Minisymposium: "Space in Text, Language, Mind: An Interdisciplinary Discussion"
Freitag, 13. April 2018, 09:30 Uhr
The minisymposium is organized by the URPP "Language and Space" focus group Spatial References and aims to gather perspectives on spatial language -- from its relation to spatial cognition to the extraction of spatial concepts from text.
9.40 T. Tenbrink "Language as a representation of spatial thinking: exploring everyday domains"
10.20 D. Montello "Natural Language as a Source of Spatial Knowledge"
11.00 Coffee Break
11.20 J. Leidner "Talking about Geographic Space: From Toponyms to Spatial Expressions"

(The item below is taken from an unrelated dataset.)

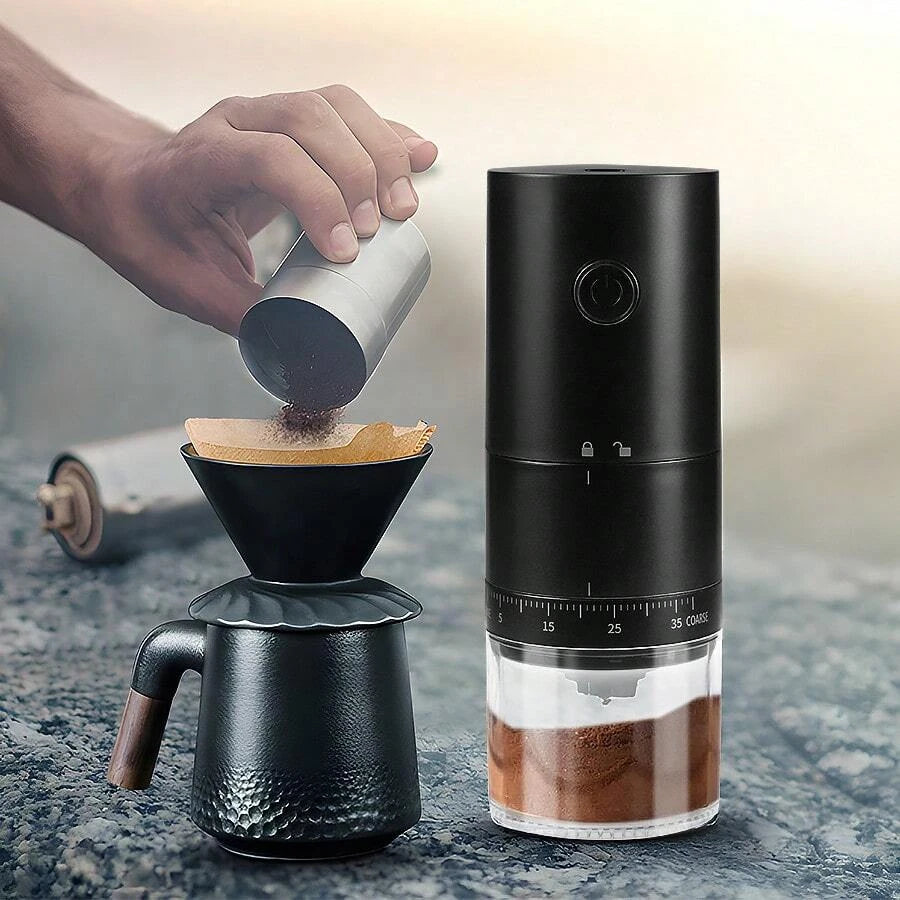 Nuevo Molinillo de café eléctrico portátil con 38 engranajes, molinillo de café fino grueso ajustable, cámara extraíble para viaje en casa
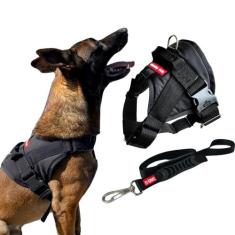Coleira Peitoral com Guia para Cachorro Estilo SWAT - Tamanhos Variado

12.00 13.00 Panel discussion
Thora Tenbrink "Language as a Representation of Spatial Thinking: Exploring Everyday Domains"
I will explore customary ways of talking about space across everyday special-interest domains such as sailing, dancing, and mountaineering. Wherever a domain requires people to interact with space in a specific way, conventions for thinking and talking about space arise that may be unknown or at least highly unusual outside those domains. In sailing, it is almost impossible to talk about forward movement, due to the various forces acting on the boat; this requires the sailor to calculate a useful course relative to the goal direction. In dancing, creative movement needs to be related to static aspects of the environment, which can be a challenge if dancers are not in a canonical upright position. In this light, I will discuss the role of language as a representation of flexible context-dependent spatial thinking.

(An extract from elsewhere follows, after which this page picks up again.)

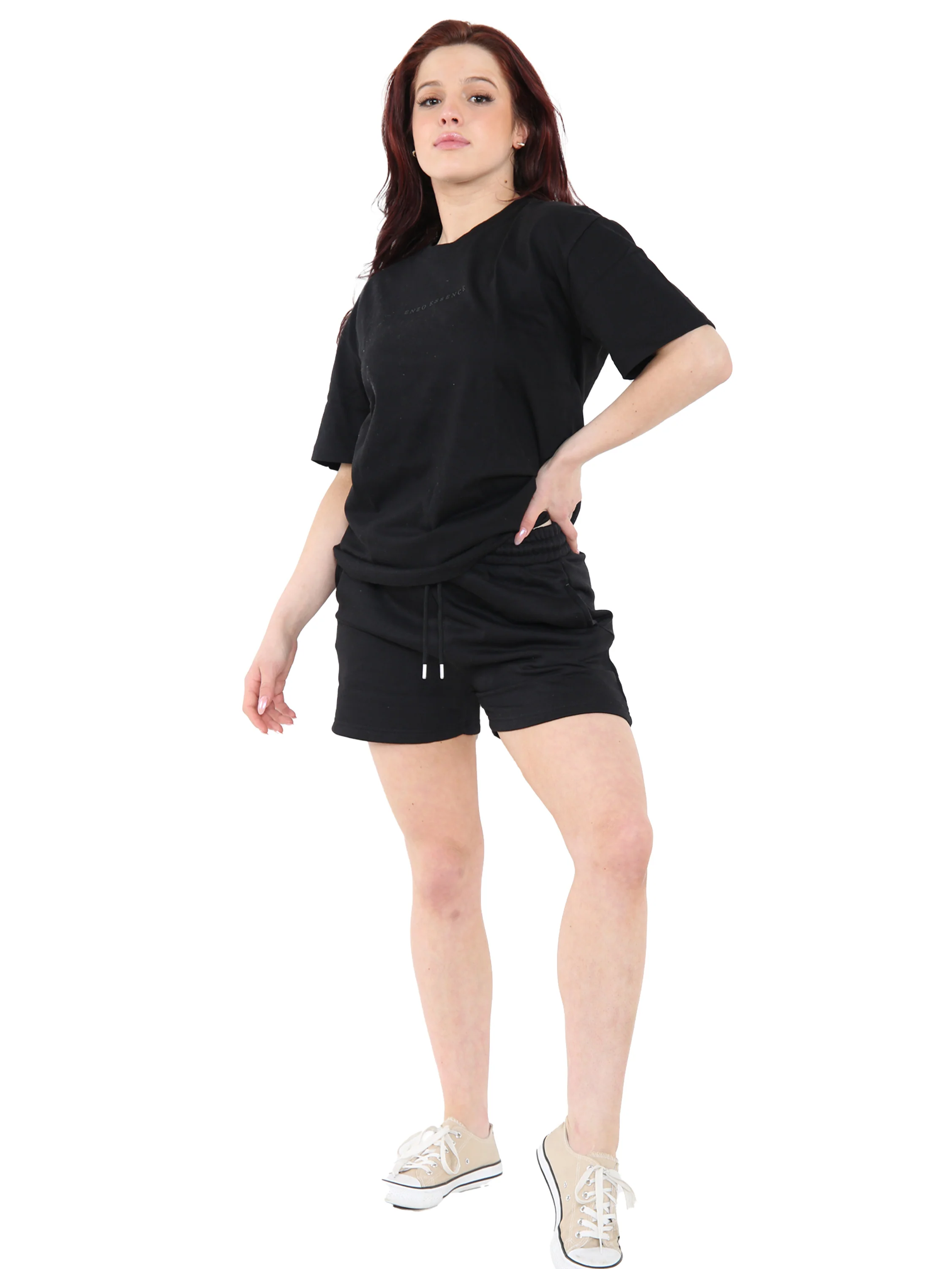 Enzo | Womens Oversized T-Shirt Tracksuit With Shorts - Image 22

Daniel R. Montello "Natural Language as a Source of Spatial Knowledge"
Spatial knowledge is acquired through one or more sources, including direct sensorimotor experience and several indirect sources. An important indirect source is natural language. In my talk, I consider how the source of ones spatial knowledge influences the nature of that knowledge, focusing on natural language as a source.
Jochen L. Leidner "Talking about Geographic Space: From Toponyms to Spatial Expressions"

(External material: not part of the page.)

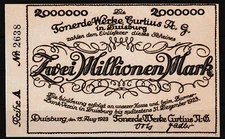 Duisburg - Alumina Works Curtius A.G.  - 2 Million Mark - Series A #11788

Time and Space are basic dimensions of our cognition as human beings, and they structure our lives in practical terms: during our existence, and perhaps in order to exist, we often must or want to refer to places. In this talk, I explore how humans talk about geographic spaces using spatial expressions, and in particular how compositionality on the linguistic level relates to the geo-spatial footprints that correspond to the pragmatic meaning of these expressions in the physical world.